Within the syntax of BBCode, a tag starts with an open square bracket '[
' and ends with a close square bracket ']
'. Anything between this two markers is considered a tag.
BBCode Tags
There are basically three types of tags:
- Simple Tags
[tag]
- Value Tags
[name=value]
- Parametrized Tags
[tag param=value]
Each tag may or may not require a closing tag. A closing tag has the same name of the tag starting with a forward slash '/
'.
The name of a tag can be any character except the equals sign (=
) and the square brackets ([]
).
Yes, I know that there are some parsers out there that allows tags with the square bracket within the tag, but this is a limitation I can live with.
Configuring Tags
While there are some basic tags common to most of BBCode parsers, there is no standard, although there are a few attempts to do so, like for instance BBCode.org.
With this in mind this parser is very configurable and flexible. It can be configured either programmatically or through an XML file
To configure the parser programmatically you need to add tag definition to the BBCodeParser.Dictionary
collection, as shown on the example below.
Dim parser As New BBCodeParser() parser.Dictionary.Add("b", "<b>{value}</b>", True) parser.Dictionary.Add("u", "<u>{value}</u>", True) parser.Dictionary.Add("i", "<i>{value}</i>", True)
The last parameter indicates that the tag requires a closing tag. With the configuration above the text
[b][u][i]Sample Text[/i][/u][/b]
would be formatted as:
Sample Text
Tag Parameters
Any tag can have any number of parameters. Each parameter consists of a pair of name=value
. The value can be between a single ('
) or double ("
) quote.
This parameters can then be used in placeholders within the replacement text format.

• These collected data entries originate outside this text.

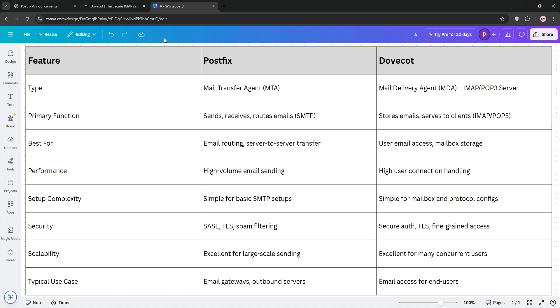Which is better? It depends. For sending and routing emails, PostFix is king. For user email access and storage, DoveCot rules. Most email servers use both for a complete solution.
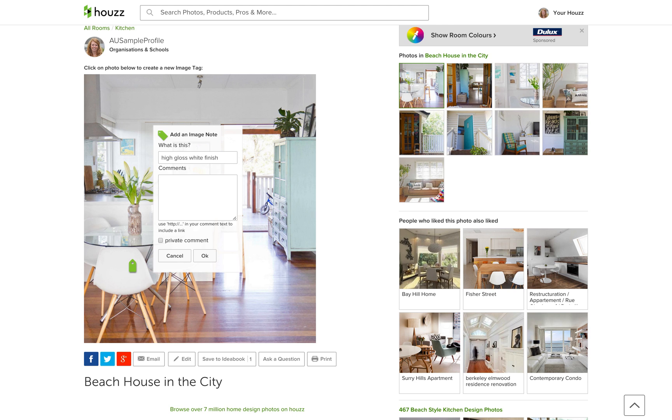Let's include information about the finish of the kitchen cupboards. In the comments field, you can include an HTML link or share more information about the photo.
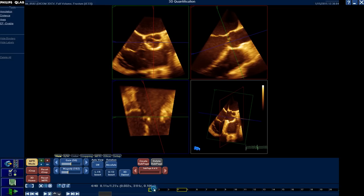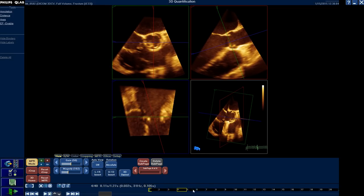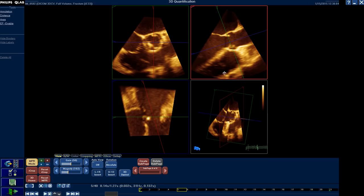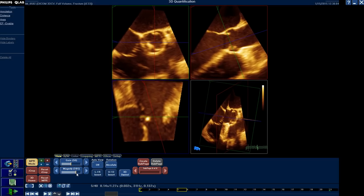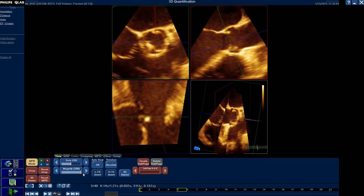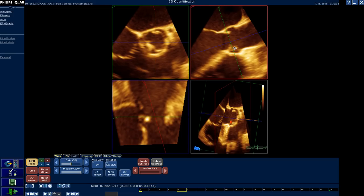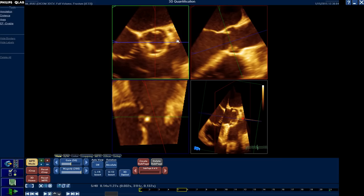We should choose the systolic frame, like this one. We can magnify in order to make the dimensions more clear and to decrease the error. As you can see now, I have a long axis view for the LVOT, aortic valve, sinuses, sinotubular junction, and ascending aorta.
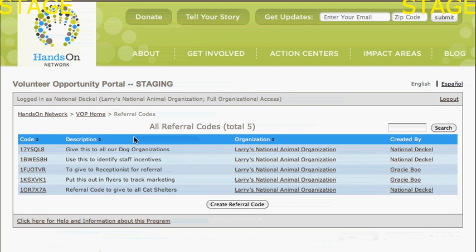I can click on Referral Codes, and you'll notice I've created a number of different referral codes. Most people will only create one, but I've got one to give to our dog organizations and one to give to our cat shelters.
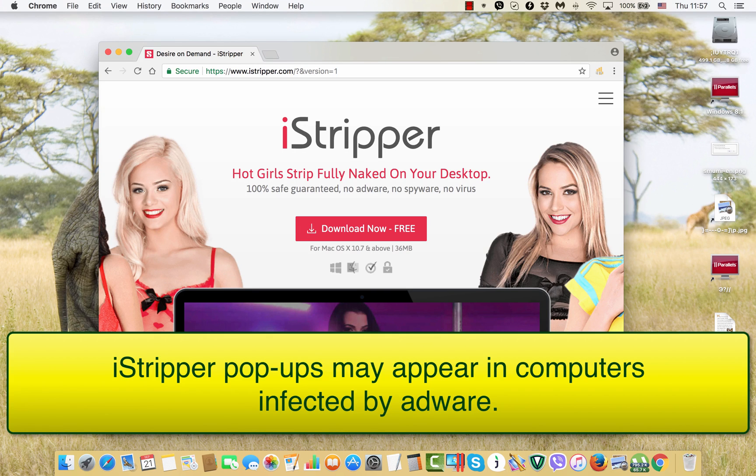Ladies and gentlemen, here is a new video guide where I will tell you how to get rid of iStripper.com pop-up windows.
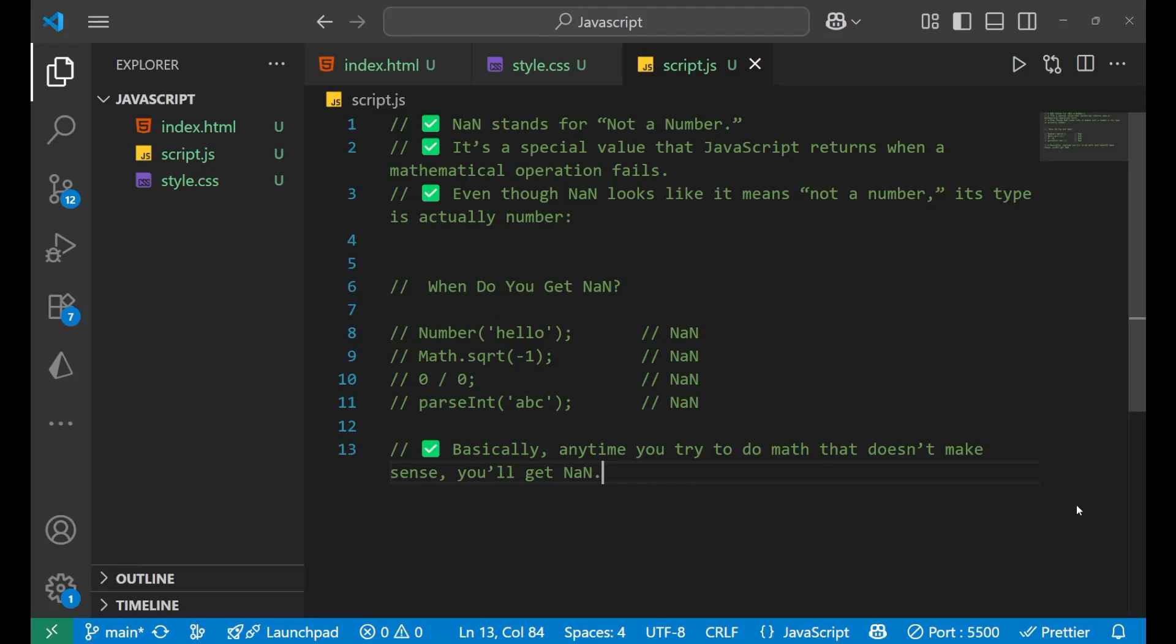Hello there, in this particular lecture we will talk about one of the most confusing values in JavaScript: NaN. You will learn what it means, why it happens, and how to deal with it. So let's start.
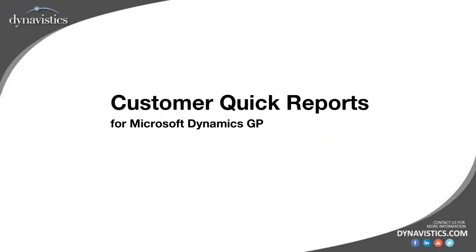Hi, this is Nick from Dynavistics, and this is a short video on how to set up and use Customer Quick Reports in SalesPad.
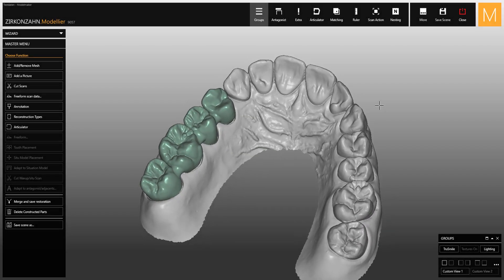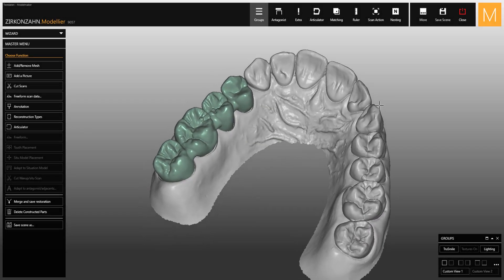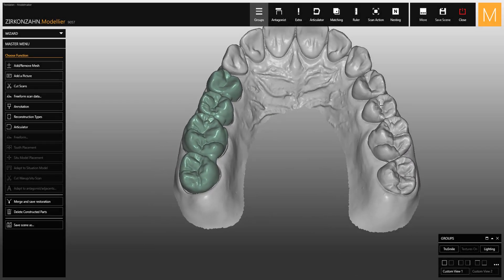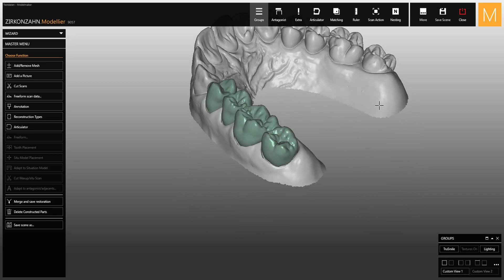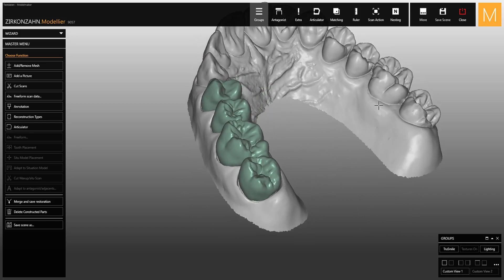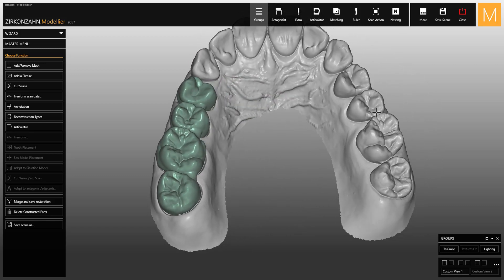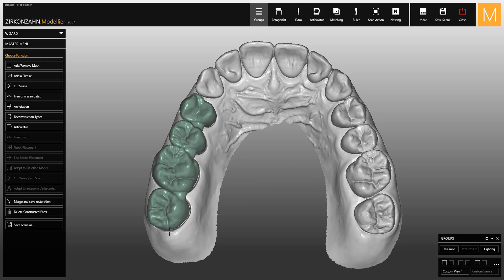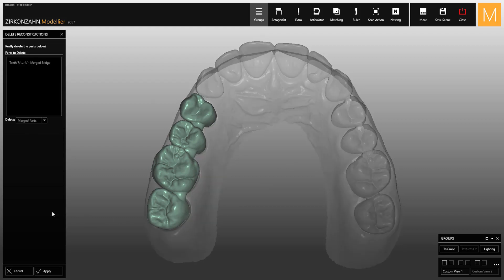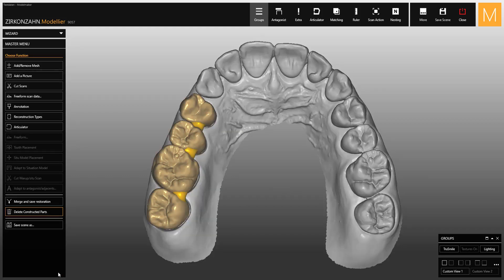After scanning or designing the try-ins, you can import them directly into the existing finished project without having to create a new one. First of all, select 'Delete Constructed Parts' to delete the merged parts. In this way you can change the design.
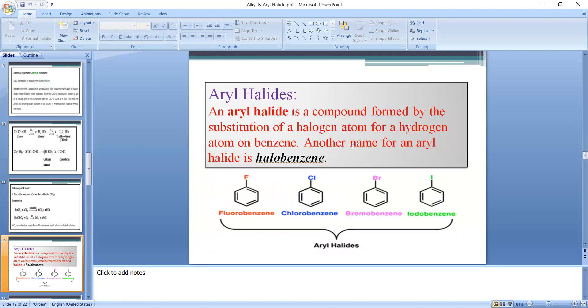Next is aryl halides, since our topic is alkyl and aryl halides. Aryl halides are aromatic halogen compounds — you know that aromatic compounds contain at least one benzene ring. Aryl halides are compounds in which one or more halogen atoms are directly attached to a carbon atom of the benzene ring. They are also called halobenzenes.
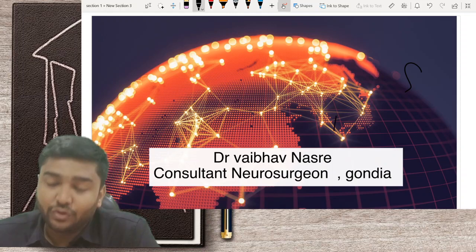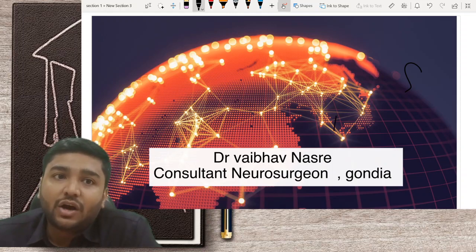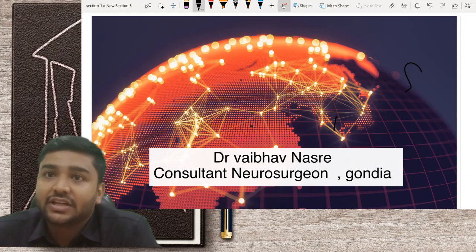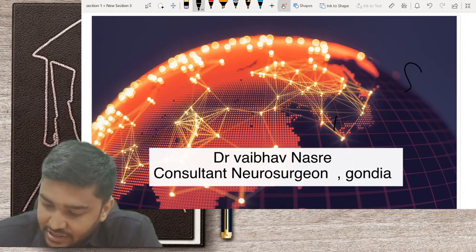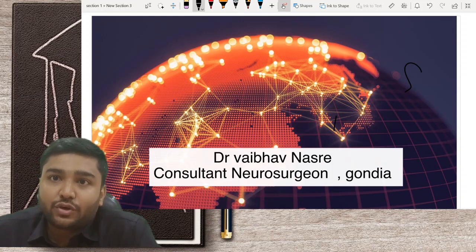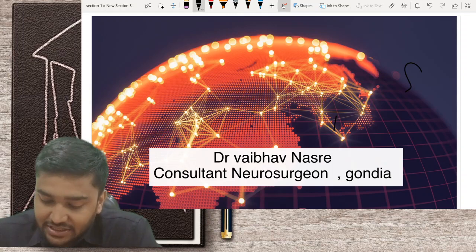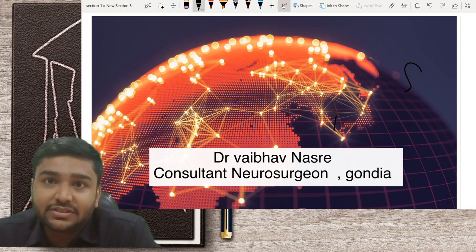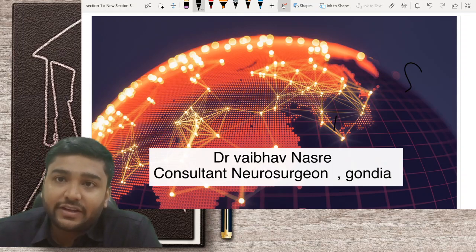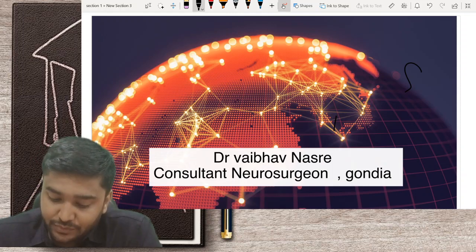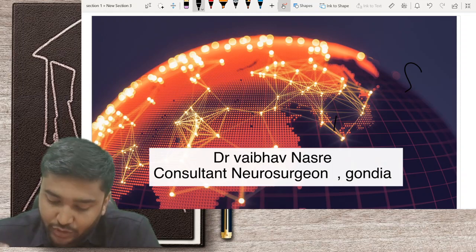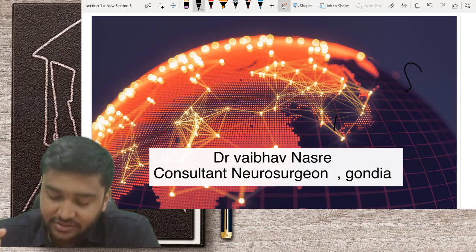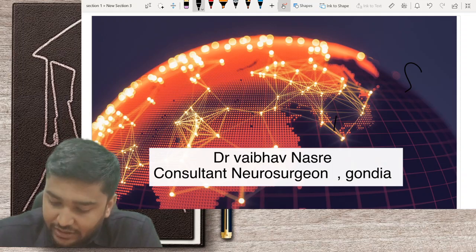I am going to show a series of CT scans — how to read them, how to arrive at a clinching diagnosis, and how to manage further. We will keep it a short video covering the most common entities in neurosurgical practice, which we see on CT scans regularly.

There are two special parameters:
- default : Only used for value tags and it has the value of the text after the first equal sign in the tag.
- value : Used for any tag that requires a closing tag, represents the formatted text inside the tag.
For example, with the configuration below:
parser.Dictionary.Add _
("url", _ "<a href='{default|value}'>{value|default}</a>", _ True)
the text [url=http://pjondevelopment.50webs.com]here[/url]
could be used as a link pointing to this site.
Note that on the replacement format text, the placeholders are formed with '{
' and '}
', separated by pipes '|
', if multiple parameters can be used on its place. When formatting, the first non-empty parameter will be used.
So, in the example above, we have two placeholders: {default|value}
and {value|default}
this means that in the first placeholder, it will be used either the value of the default
parameter or the formatted text between [url=...]
and [/url]
.
Extending Tags
Besides the tag definition the parser can be extended even further by simply creating a derived class from BBCodeElement
and add it to the BBCodeParser.ElementTypes
collection. With custom types the possibilities are endless, as one might read the contents from a file, a database, or wherever the object wants, based or not on the tag parameters.
Just note that the derived type must provide a public default constructor.
parser.ElementTypes.Add _ ("userImage", _ GetType(SubClassOfBBCodeElement))
With this configuration, every time the text [userImage]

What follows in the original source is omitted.